L’exécutif français est dit « bicéphale » : il a deux têtes que sont le Président de la République et le Premier ministre. Les rapports entre les deux têtes de l’exécutif français sont évidemment différents, selon que le Parlement est de la même majorité politique que le Président de la République ou qu’ils sont de majorités différentes. Dans le premier cas il y a concordance des majorités et le Président de la République domine le Premier ministre. Dans le second cas il y a cohabitation et le Président de la République se concentre sur son « domaine réservé ».
§1./ Les rapports en période de concordance des majorités
Les rapports entre le Président de la République et son Premier ministre en période de concordance des majorités sont marqués par la domination du premier sur le second. Le processus électoral aboutissant à l’élection du Président de la république puis à celle des députés fait du Président le véritable chef de la majorité.

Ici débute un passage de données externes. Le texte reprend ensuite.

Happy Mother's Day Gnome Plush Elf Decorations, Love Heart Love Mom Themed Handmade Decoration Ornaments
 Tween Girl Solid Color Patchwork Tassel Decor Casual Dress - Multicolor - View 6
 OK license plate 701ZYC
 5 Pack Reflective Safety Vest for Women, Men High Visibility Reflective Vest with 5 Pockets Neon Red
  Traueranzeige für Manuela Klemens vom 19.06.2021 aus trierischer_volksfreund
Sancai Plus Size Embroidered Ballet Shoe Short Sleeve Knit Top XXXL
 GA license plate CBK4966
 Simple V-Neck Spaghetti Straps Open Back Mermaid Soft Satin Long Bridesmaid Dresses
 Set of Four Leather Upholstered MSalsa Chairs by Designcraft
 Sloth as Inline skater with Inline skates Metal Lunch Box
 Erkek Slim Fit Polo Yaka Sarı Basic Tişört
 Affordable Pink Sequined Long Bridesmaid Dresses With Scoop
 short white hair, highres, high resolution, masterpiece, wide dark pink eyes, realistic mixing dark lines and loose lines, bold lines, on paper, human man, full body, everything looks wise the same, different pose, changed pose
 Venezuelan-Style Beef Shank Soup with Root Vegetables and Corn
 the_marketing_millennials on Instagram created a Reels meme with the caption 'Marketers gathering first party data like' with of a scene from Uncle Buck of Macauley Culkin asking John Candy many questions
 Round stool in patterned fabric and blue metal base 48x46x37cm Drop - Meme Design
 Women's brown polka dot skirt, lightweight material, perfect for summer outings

La domination politique provient de l’élection, mais également de la nomination et de la fin des fonctions : il est convenu que le Président de la République puisse mettre fin aux fonctions du Premier ministre pour en nommer un autre, sans avoir à motiver son choix. Par deux fois des Présidents de la République ont « limogé » des Premiers ministres plus populaires qu’eux pour de simples motifs politiques : François Mitterrand demande à Michel Rocard de démissionner le 15 mai 1991 pour laisser place à la très impopulaire Edith Cresson. Edouard Philippe a démissionné le 3 juillet 2020 à la demande d’Emmanuel Macron, pour laisser place au très impopulaire Jean Castex. Ce n’est que très rarement qu’un gouvernement est renversé par le Parlement : il n’est en général par le Président de la République lui-même.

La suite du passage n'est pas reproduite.